Separately, the Sierra Club has blanketed a Capitol Hill metro station with ads in advance of a multiday “wind week” campaign next week to promote extension of the credits.
“Wind power makes clean energy, good jobs and better future. Don’t blow it,” some of the ads state, showing images of people working on wind projects. The ads, shown here, will run for a month.
The wind industry calls the production tax credit vital to financing new projects, and says that uncertainty about its future is what’s behind a number of recent layoffs by companies such as Vestas Wind Systems.
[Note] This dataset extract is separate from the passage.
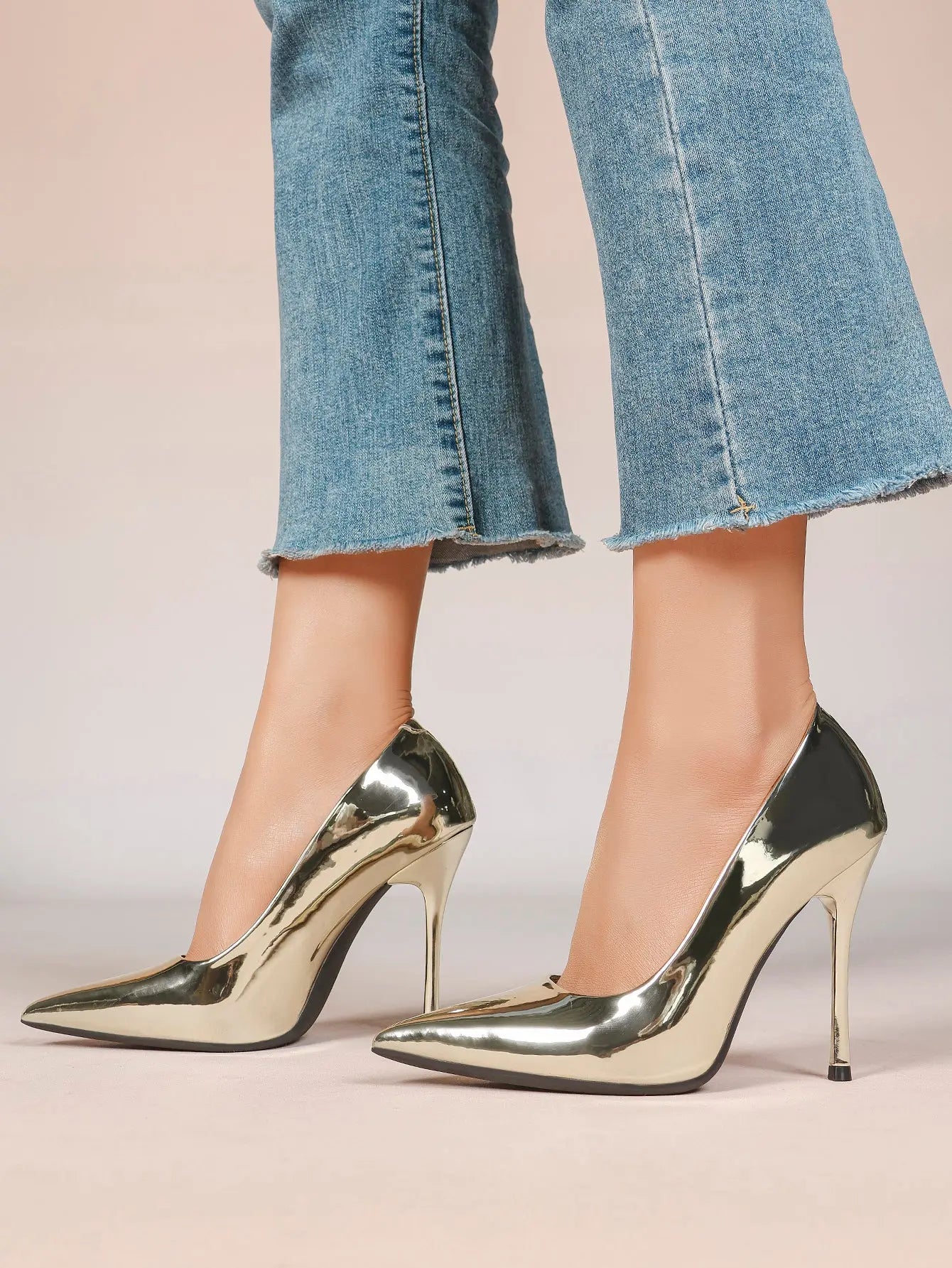 Women's Closed Pointed Toe Classic Stiletto Heels for Wedding Party Evening Dress Shoes YISHIFAN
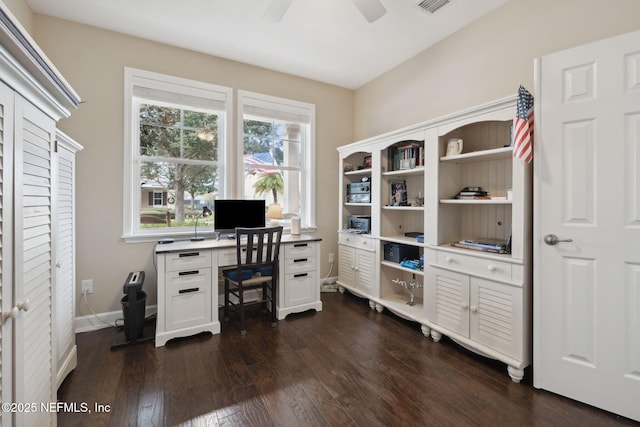 office area featuring dark hardwood / wood-style floors and ceiling fan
The industry will shed 37,000 jobs if the credit expires, according to a study by the consulting firm Navigant that was commissioned by the American Wind Energy Association (AWEA).
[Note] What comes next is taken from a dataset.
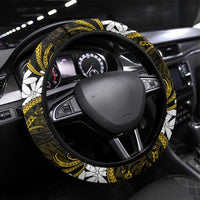Cook Islands Manihiki Steering Wheel Cover Tiare Maori Polynesian Waves Tattoo LT14 Universal Fit Gold - Polynesian Pride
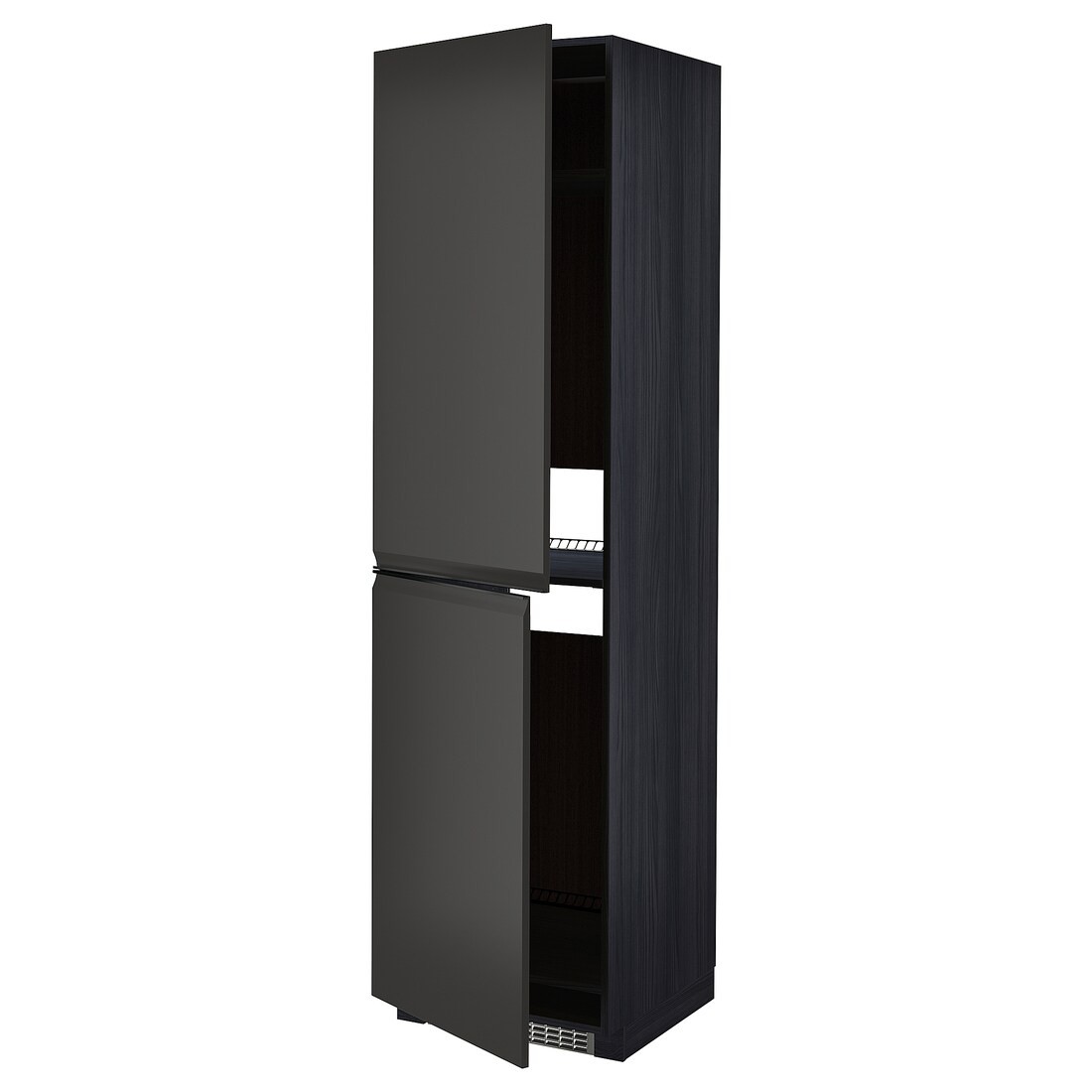 IKEA METOD МЕТОД Высокий шкаф для холодильника / морозильника, черный / Upplöv матовый антрацит, 60x60x220 см 89495432 | 894.954.32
“Wind week” will involve labor, environmental and wind industry groups, the Sierra Club said.
“Every day that Congress delays action means more layoffs and job losses for American workers. The wind industry doesn’t just support clean energy that keeps our air free of pollution, it also feeds the families of 75,000 workers,” Sierra Club President Michael Brune said in a statement.
Elsewhere, AWEA is lobbying hard for the credit and plans to deliver Congress a petition from wind industry workers – including veterans in the sector – as soon as next week.
The trade group’s fall symposium with industry officials in Arizona next week is also expected to feature strategizing over how to move the credit’s extension in the lame-duck session.
The 20-year-old credit has historically had bipartisan backing, but Republicans are increasingly criticizing green energy programs.
Critics of the credit are also boosting their efforts. The American Energy Alliance, a conservative group with fossil fuel industry backing, is circulating a new study on Capitol Hill that’s critical of the incentive.
It argues that the credit provides “training wheels” to an industry that doesn’t need them – especially at taxpayers’ expense.
The Senate Finance Committee in August approved a one-year extension of the credit, which carries an estimated cost of $12 billion over the next decade.
But the committee bill, which extends a series of expiring tax incentives, did not yet make it to the Senate floor. The House has not acted on the credit.